On her website, Warren introduces plans to help fill financial gaps in housing and entrepreneurship that exist in black communities.
“My housing plan will help families living in formerly redlined areas buy a home and start building the kind of wealth that government-sponsored discrimination denied their parents and grandparents,” the website states. “My plan for entrepreneurs of color will level the playing field by creating a new program with $7 billion in funding to provide grants to entrepreneurs of color.”
3 Bernie Sanders
Sen. Bernie Sanders, D-Vt., has spoken out against racism but also opposed the idea of reparations. While he has supported more research being done about the topic, Sanders explained why he does not want to just blindly give money to the black community.
“Here’s my fear about reparations, and I understand the issue, and I’m on board the legislation that will study the issue,” the Vermont senator previously said at an NAACP convention. “Here’s my fear: The Congress gives the African American community a $20,000 check, and says, ‘Thank you, that took care of slavery, we don’t have to worry about anything more.’ I think that’s wrong, I want to build, rebuild the distressed communities in America.”
Former South Bend Mayor Pete Buttigieg has his own plan for reparations called The Douglass Plan which is outlined on his website.
“Pete has already committed to creating a commission to propose reparations policies to Congress,” the website states. “The Douglass Plan, which is a complement to any potential reparations proposals, aims to provide the scale and scope necessary for true nationwide restorative justice. Its policies touch every facet of American life, and like the values animating Pete’s campaign, reflect the principles of Freedom, Security, and Democracy.”
5. Amy Klobuchar
Sen. Amy Klobuchar (D-Minn.) has not supported the idea of reparations. Instead, she has approved of investing in communities impacted by racism.

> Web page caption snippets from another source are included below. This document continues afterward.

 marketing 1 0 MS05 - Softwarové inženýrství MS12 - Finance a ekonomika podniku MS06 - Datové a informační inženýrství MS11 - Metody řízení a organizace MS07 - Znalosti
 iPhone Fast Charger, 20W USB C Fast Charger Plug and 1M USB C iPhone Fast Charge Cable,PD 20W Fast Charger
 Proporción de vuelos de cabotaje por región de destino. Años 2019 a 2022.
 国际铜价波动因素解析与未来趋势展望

“What we can do is invest in those communities. Acknowledge what’s happened. … Making sure we have that shared dream of opportunity for all Americans,” she said during an interview on NBC’s “Meet the Press.” “…It doesn’t have to be a direct pay for each person.”
6. Joe Biden
Former Vice President Joe Biden has been on record opposing the idea of reparations.

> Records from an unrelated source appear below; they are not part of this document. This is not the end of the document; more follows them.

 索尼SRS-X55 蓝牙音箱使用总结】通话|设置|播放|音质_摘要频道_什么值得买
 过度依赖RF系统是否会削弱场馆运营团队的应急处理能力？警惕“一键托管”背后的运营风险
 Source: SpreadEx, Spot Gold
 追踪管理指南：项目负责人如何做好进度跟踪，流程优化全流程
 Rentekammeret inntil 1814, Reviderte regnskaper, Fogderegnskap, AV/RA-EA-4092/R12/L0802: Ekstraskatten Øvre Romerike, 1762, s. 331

“I don’t feel responsible for the sins of my father and grandfather, I feel responsible for what the situation is today for sins of my own generation and I’ll be damned if I feel responsible to pay for what happened 300 years ago,'” he said in a 1975 interview that was brought onto the Democratic primary debate stage last year.
A spokesperson for his campaign revealed that Biden “believes that we should gather the data necessary to have an informed conversation about reparations, but he has not endorsed a specific bill.”
7. Mike Bloomberg
Former New York City Mayor Mike Bloomberg has supported H.R. 40, the House bill that calls for formal studies to be done about reparations. He has also spoken about plans to give $70 billion to the “100 most disadvantaged neighborhoods,” while creating 1 million new black homeowners and 100,000 new black-owned businesses.
“The exploitation worked exactly as it was designed to — slavery, sharecropping, Jim Crow, segregation and redlining,” Bloomberg said at the Vernon Chapel AME Church earlier this year. “For hundreds of years, America systematically stole black lives, black freedom and black labor. Well, it’s past time to say enough — and to damn well do something about it.